L’autorité royale était déjà bien établie sur Lyon lorsque intervint le transfert de 1312. Celle-ci faisait suite au refus de l’archevêque Pierre de Savoie, en janvier 1310, de prêter serment au roi lors d’un entretien avec Guillaume de Nogaret. Il se retrancha alors dans son château de Pierre-Scize, mais cette « rébellion » prit fin après un siège de trois mois par l’armée royale. Après le concile de Vienne, l’archevêque fut contraint d’« abandonner ses droits » dans une déclaration solennelle, en transférant sa juridiction et son « imperium » (son pouvoir judiciaire et politique) au roi, et fut envoyé en résidence surveillée en Île-de-France. Le chapitre cathédral fit de même huit jours plus tard. Mais ce transfert, qui ne changea pas la donne, n’eut lui-même rien de définitif, puisque huit ans plus tard, par la déclaration du 4 avril 1320, le roi transportait à l’archevêque la juridiction et ses revenus, charge bien lourde et peu rémunératrice pour les officiers royaux. L’archevêque devait prêter hommage au roi, qui conservait dans la ville des officiers, et la possibilité de recevoir les appels

La pénétration française avait été favorisée par la vacance du siège impérial après la fin du règne de Frédéric II en 1250, qui fut suivi d’un long « interrègne » jusqu’en 1273. L’empereur Henri VII de Luxembourg (1312 – 1313) s’adressa aux citoyens de Lyon comme à ses fidèles sujets, mais cette déclaration est sans conséquence.

La réunion de Lyon à la France n’entraîna pas de révoltes au XIVe siècle, mais des incidents entre l’archevêché et le roi.
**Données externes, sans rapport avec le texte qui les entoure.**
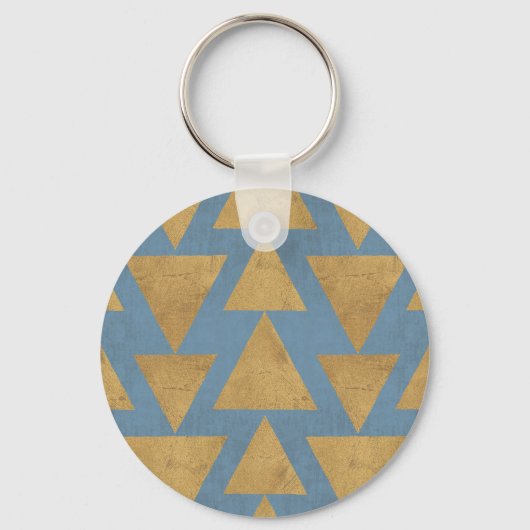 Porte-clés Geo Step extérieur | Motif Gold & Blue (Recto)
L’archevêque Charles III d’Alençon (1365 – 1375) se vit confisquer sa juridiction temporelle par Charles V (1364 – 1380) après avoir protesté contre les empiètements des officiers royaux et avoir excommunié le bailli. L’archevêque Philippe de Thurey (1389 – 1415) tenta lui aussi de résister au roi, avant de céder. Selon l’historien Bruno Galland, le poids du patriciat urbain (des bourgeois) et l’absence d’une véritable identité provinciale du Lyonnais facilitèrent son intégration au royaume.

Le rattachement de Lyon eut une grande valeur symbolique pour la royauté française. Celle-ci intégrait en effet en son sein un archevêché doté d’une dignité éminente, la primatie des Gaules, ces dernières étant identifiées à la France par la propagande royale. Le roi pouvait se poser, en quelque sorte, comme le chef d’une Église « nationale », l’Église gallicane.